Published: 03/21/2013 - Updated: 02/21/2020
Gluten-free diet: Celiac sprue, also called gluten intolerance, is a chronic intestinal diseaseand relatively common due to poor absorption of food containing gluten. Gluten is a protein present in flour, wheat … -. This condition, which according to the Federation of Celiac Associations in Spain (FACE) affects one in 200/300 infants, and is the most frequent chronic digestive process in our country, but is underdiagnosed.
It is estimated that less than a quarter are Patients who suffer from celiac disease know that they do. Individuals suffering from this disease cannot consume any food containing wheat, barley, rye, oats and malt, because eating foods with gluten causes progressive damage in the intestinal villi which are responsible for absorbing nutrients from food and forwarding them to the body.
Disease treatment consists entirely in dieting, eliminating all gluten from the diet. This measure should be taken for life. Doing so is a challenge, because gluten can be in the form of additives, stabilizers, emulsifiers, thickeners and other derivatives that contain grains and are included in commercially processed foods.
- Breakfast: 1 coffee with milk, 1 slice of gluten-free bread with olive oil and 1 cup of fresh orange juice.
- Mid-morning: natural yogurt with sugar.
- Lunch: Beans with white rice, chicken with apples and strawberries with cream.
- Snack: cheese with honey.
- Dinner: Mixed salad, baked fish with roasted potatoes and 1 piece of fruit.
- Breakfast: 1 glass of milk with gluten-free breakfast grains and 1 piece of fruit.

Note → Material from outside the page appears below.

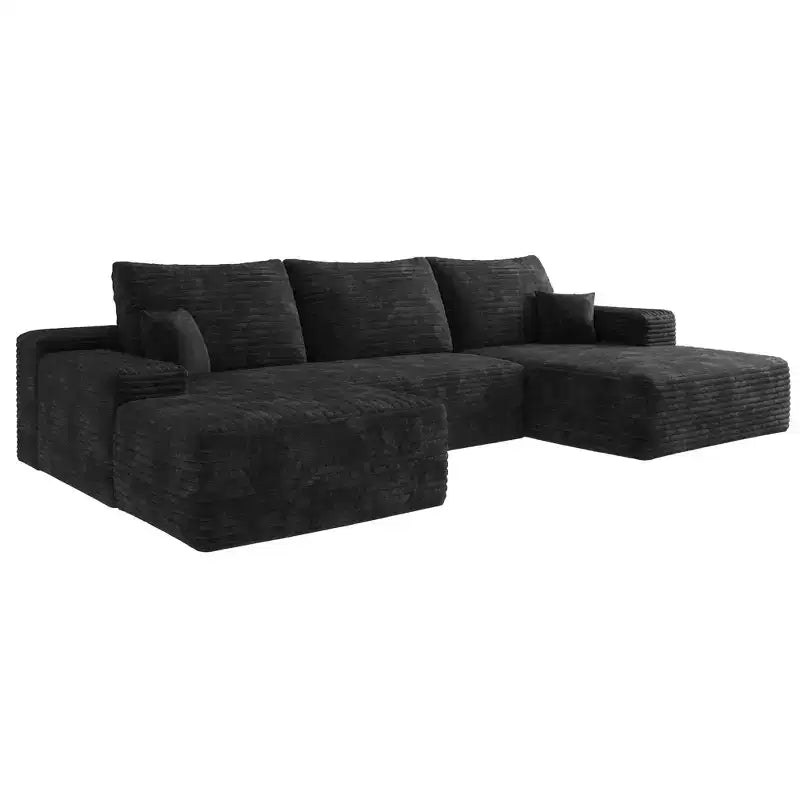 Canapé sectionnel nuage en velours côtelé gris de 107 pouces avec 1 pouf Canapé confortable en forme de U pour salon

- Mid-morning: 1 piece of serrano ham (gluten-free bread).
- Lunch: rice with vegetables, rice, peas, onion, pepper, leek. Cutlet with lettuce and peaches in syrup.
- Snack: curd with honey.
- Dinner: gluten-free soup noodles, grilled salmon and 1 piece of fruit.
- Breakfast: coffee with milk 1, 2 homemade muffins (made with allowed ingredients) and 1 fruit juice.
- Mid-morning: 1 flavored yogurt
- Lunch: vegetable soup, baked ham with lemon and 1 piece of fruit.
- Snack: Gluten-free bread with butter and sugar.
- Dinner: Mushroom omelette with organic cherry tomatoes
- Breakfast: 1 coffee with milk, gluten-free biscuits and jam, fresh orange juice 1.
- Mid-morning: 1 toasted gluten free bread with oil.
- Lunch: Mashed zucchini, fried anchovies (coated with gluten free flour) and 1 plain yogurt with sugar.
- Snack: fruit salad.
- Dinner: Spinach with sauce (made with gluten free flour), and homemade meatballs 1 piece of fruit.
- Breakfast: 1 plain yogurt and gluten-free cereal with 2 pieces of fruit.
- Mid-morning: 1 coffee with milk and biscuits gluten-free.
- Lunch: soup boiled (noodles gluten-free), cooked (chickpeas, potatoes, carrots, beef, vegetables) and 1 piece of fruit.
- Snack: strawberries with condensed milk.
- Dinner: Mashed carrots, cod croquettes with peas and 1 piece of fruit.
- Breakfast: 1 coffee with milk, gluten-free bread with olive oil and 1 piece of fruit
- Mid-morning: 1 yogurt flavors.
- Lunch: gluten-free macaroni with minced meat and natural tomato sauce and 1 home-made curd.
- Snack: 1 serrano ham sandwich (bread without gluten).
- Dinner: salad of kiwi, raw nuts and apple, rooster oven with lemon and 1 glass of milk.
- Breakfast: 1 coffee with milk, 1 slice of cake made with homemade ingredients and allowed 1 fresh orange juice.
- Mid-morning: 1 glass of wine or 1 soft drink.
- Lunch: Mixed salad, paella and fruit salads with whipped cream.
- Snack: 1 slice of cheese and quince jelly with bread without gluten.
- Dinner: Mashed vegetables Roast pork fillet, and pepper 1 piece fruit.
- Anson, O., Weizman, Z., & Zeevi, N. (1990). Celiac disease: parental knowledge and attitudes of dietary compliance. Pediatrics, 85(1), 98–103.
- Tarro, L., Aceves-Martins, M., Tinena, Y., Parisi, J. L., Blasi, X., Giralt, M., … Sola, R. (2017). Restaurant-based intervention to facilitate healthy eating choices and the identification of allergenic foods at a family-oriented resort and a campground. BMC Public Health, 17(1), 393.
- Schultz, M., Shin, S., & Coppell, K. J. (2017). Awareness of coeliac disease among chefs and cooks depends on the level and place of training. Asia Pacific Journal of Clinical Nutrition, 26(4), 719–724.